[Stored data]
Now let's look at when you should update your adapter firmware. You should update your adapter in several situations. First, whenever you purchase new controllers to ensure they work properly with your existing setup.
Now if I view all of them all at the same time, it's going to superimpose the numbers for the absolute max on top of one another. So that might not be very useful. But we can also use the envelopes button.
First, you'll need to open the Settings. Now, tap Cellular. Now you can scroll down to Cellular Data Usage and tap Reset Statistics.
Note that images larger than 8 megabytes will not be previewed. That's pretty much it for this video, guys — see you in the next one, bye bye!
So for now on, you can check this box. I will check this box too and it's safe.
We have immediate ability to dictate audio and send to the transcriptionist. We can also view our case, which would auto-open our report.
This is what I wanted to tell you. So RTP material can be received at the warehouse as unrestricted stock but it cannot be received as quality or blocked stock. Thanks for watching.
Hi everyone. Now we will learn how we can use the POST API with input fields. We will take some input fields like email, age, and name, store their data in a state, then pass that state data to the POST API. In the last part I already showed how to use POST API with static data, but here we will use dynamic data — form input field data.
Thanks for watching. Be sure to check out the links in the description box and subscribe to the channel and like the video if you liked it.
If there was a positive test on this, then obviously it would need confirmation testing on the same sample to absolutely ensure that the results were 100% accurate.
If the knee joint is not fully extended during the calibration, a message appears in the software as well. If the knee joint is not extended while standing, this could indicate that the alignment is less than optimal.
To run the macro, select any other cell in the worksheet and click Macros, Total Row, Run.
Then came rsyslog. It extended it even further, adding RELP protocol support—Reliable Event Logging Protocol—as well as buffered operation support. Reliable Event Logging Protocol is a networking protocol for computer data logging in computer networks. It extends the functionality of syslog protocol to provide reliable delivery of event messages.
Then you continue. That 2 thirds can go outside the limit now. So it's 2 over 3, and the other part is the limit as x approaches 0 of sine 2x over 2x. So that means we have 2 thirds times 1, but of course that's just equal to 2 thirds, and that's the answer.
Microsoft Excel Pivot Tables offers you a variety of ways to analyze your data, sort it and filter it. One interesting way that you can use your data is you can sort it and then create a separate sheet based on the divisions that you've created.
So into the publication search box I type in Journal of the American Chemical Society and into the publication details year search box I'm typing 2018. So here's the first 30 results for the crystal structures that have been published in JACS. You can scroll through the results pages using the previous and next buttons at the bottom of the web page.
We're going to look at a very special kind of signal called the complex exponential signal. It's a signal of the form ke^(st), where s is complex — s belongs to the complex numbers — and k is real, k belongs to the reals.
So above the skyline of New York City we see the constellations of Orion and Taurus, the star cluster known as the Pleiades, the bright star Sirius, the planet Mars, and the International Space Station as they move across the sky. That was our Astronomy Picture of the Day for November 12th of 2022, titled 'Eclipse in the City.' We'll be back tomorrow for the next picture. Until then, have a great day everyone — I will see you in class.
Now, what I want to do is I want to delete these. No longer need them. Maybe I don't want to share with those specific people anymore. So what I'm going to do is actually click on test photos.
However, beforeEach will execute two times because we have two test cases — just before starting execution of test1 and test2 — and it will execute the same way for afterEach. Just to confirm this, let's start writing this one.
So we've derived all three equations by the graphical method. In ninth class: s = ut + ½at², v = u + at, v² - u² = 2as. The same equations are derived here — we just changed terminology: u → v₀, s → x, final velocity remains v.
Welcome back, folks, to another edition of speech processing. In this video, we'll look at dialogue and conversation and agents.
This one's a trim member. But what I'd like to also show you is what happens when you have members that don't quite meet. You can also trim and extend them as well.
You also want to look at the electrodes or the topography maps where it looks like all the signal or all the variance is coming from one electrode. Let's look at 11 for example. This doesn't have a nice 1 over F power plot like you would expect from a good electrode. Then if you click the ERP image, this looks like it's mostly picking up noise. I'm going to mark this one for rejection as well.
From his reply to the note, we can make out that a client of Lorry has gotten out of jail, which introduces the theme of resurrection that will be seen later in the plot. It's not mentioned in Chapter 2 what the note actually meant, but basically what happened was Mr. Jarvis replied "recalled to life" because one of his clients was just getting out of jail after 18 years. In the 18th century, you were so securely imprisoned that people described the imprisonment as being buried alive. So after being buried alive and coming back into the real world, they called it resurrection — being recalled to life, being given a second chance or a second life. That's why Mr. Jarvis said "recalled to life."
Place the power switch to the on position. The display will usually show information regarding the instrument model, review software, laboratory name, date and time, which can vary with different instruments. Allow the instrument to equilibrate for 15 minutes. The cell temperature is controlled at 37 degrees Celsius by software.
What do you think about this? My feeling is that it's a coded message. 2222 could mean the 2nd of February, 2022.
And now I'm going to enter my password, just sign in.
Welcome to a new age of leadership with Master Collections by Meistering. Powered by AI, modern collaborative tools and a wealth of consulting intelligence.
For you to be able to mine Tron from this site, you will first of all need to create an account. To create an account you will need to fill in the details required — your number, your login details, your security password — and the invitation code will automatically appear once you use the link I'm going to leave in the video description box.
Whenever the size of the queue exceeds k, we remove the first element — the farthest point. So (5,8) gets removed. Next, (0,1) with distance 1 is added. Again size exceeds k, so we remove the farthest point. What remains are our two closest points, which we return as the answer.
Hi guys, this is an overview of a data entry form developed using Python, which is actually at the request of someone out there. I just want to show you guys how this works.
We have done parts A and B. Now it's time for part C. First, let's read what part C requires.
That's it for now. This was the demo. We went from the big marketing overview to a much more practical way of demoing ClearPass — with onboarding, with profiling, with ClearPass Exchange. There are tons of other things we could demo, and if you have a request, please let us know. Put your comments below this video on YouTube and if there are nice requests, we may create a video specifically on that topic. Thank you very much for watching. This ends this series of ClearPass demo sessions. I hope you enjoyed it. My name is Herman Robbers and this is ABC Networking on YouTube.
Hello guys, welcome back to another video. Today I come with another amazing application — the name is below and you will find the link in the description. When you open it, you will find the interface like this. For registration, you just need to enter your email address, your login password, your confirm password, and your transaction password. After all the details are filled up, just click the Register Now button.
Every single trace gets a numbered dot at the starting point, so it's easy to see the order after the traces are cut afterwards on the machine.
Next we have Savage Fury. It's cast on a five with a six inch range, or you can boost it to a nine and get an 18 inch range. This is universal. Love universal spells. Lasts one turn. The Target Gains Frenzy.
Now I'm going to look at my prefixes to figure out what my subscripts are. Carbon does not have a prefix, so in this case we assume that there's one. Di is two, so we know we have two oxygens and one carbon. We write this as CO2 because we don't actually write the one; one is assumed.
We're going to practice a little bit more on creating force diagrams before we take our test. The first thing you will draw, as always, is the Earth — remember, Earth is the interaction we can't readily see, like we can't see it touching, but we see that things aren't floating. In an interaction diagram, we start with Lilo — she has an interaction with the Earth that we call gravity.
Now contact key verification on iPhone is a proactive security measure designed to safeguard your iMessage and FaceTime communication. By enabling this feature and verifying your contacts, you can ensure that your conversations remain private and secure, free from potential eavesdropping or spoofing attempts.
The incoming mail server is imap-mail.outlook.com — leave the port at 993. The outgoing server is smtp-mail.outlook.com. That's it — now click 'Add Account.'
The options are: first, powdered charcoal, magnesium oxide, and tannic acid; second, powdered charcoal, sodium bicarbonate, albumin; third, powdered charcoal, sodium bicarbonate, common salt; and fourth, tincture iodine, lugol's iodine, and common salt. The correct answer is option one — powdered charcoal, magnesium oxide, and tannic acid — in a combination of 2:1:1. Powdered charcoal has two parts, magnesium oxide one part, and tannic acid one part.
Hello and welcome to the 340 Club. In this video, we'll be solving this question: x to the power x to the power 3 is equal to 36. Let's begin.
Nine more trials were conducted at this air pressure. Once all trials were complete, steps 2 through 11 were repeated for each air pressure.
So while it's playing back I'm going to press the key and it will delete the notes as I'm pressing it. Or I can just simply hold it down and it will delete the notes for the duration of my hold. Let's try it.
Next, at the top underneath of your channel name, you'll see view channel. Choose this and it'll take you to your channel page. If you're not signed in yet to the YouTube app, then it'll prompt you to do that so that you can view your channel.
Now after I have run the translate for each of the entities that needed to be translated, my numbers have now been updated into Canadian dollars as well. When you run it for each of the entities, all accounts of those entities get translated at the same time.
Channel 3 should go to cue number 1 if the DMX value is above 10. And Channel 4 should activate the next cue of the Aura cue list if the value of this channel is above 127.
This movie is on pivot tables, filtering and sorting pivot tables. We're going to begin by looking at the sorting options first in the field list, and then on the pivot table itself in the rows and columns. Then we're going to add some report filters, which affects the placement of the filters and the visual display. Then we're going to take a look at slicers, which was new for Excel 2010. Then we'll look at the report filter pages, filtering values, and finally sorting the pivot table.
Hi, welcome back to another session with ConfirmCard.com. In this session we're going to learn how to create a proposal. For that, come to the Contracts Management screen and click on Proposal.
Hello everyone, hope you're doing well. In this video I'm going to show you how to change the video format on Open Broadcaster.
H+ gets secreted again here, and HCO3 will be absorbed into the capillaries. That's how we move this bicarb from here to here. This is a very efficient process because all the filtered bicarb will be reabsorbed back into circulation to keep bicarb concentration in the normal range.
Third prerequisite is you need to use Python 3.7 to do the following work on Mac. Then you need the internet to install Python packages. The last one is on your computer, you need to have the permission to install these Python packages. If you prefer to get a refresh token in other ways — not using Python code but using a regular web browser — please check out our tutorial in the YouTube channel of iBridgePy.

#### Task item:
A complete answer gives every line of the data that includes "Thanks".

#### Exercise answer:
This is what I wanted to tell you. So RTP material can be received at the warehouse as unrestricted stock but it cannot be received as quality or blocked stock. Thanks for watching.
Thanks for watching. Be sure to check out the links in the description box and subscribe to the channel and like the video if you liked it.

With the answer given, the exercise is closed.